§ **THE DATA**
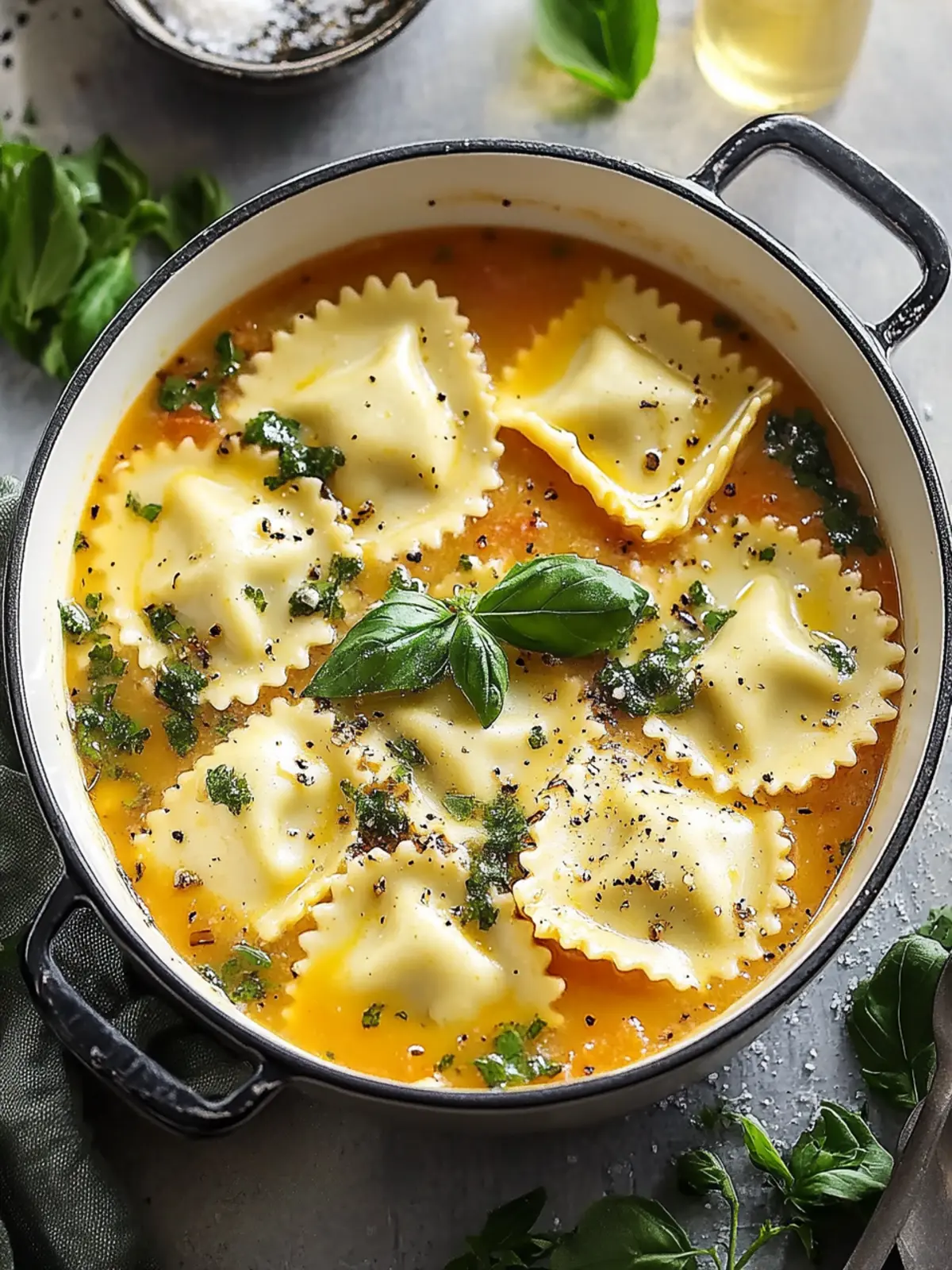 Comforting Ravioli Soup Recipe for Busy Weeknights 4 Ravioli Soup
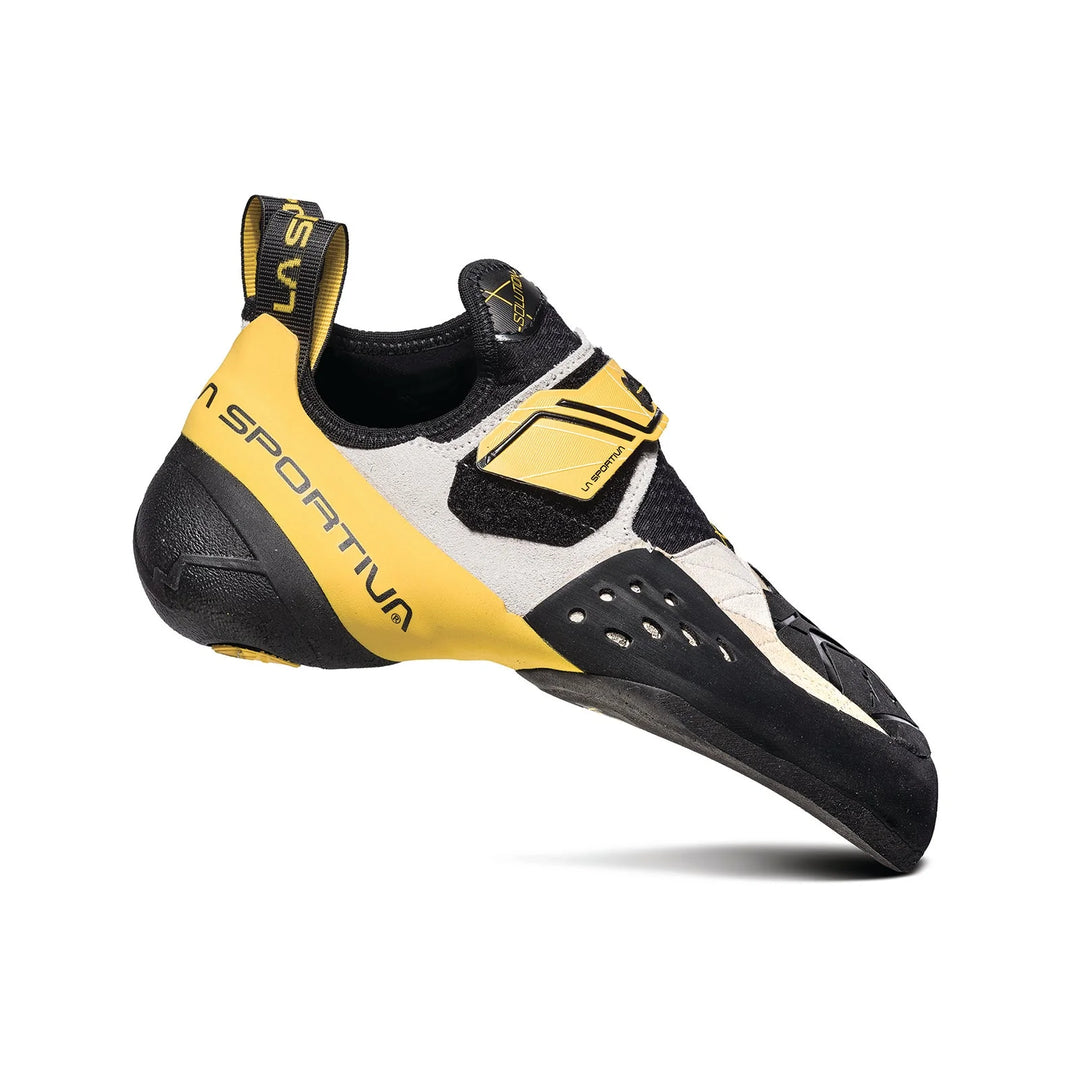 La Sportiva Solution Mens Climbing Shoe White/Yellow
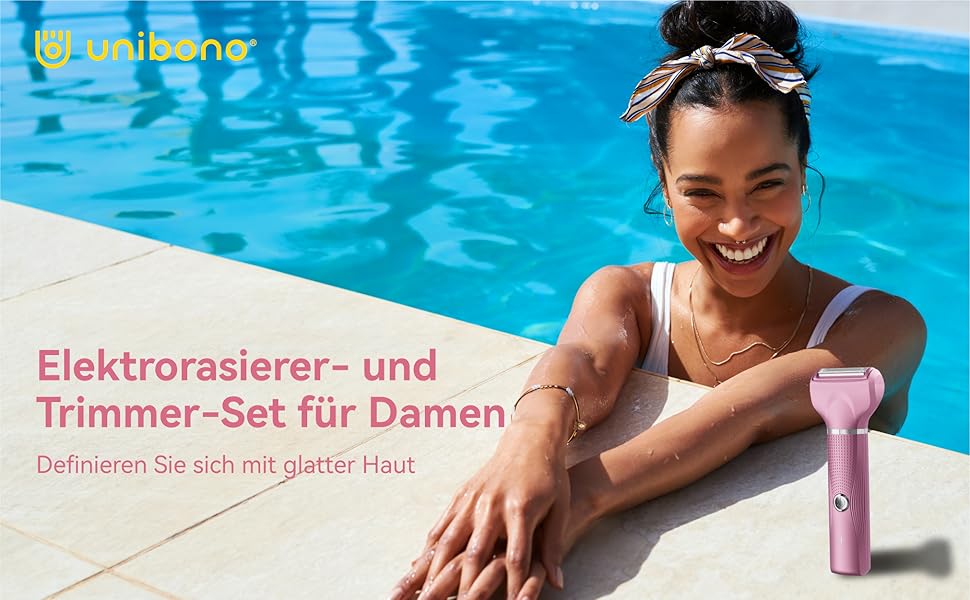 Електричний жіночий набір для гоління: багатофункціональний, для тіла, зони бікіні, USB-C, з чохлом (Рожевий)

§ **EXERCISE AIM**
The lines from the one with "La Sportiva Solution" to the end of the data above should be retyped exactly, both ends included, and pictures are to be left out.

§ **OUTPUT FOR THIS EXERCISE**
 La Sportiva Solution Mens Climbing Shoe White/Yellow
 Електричний жіночий набір для гоління: багатофункціональний, для тіла, зони бікіні, USB-C, з чохлом (Рожевий)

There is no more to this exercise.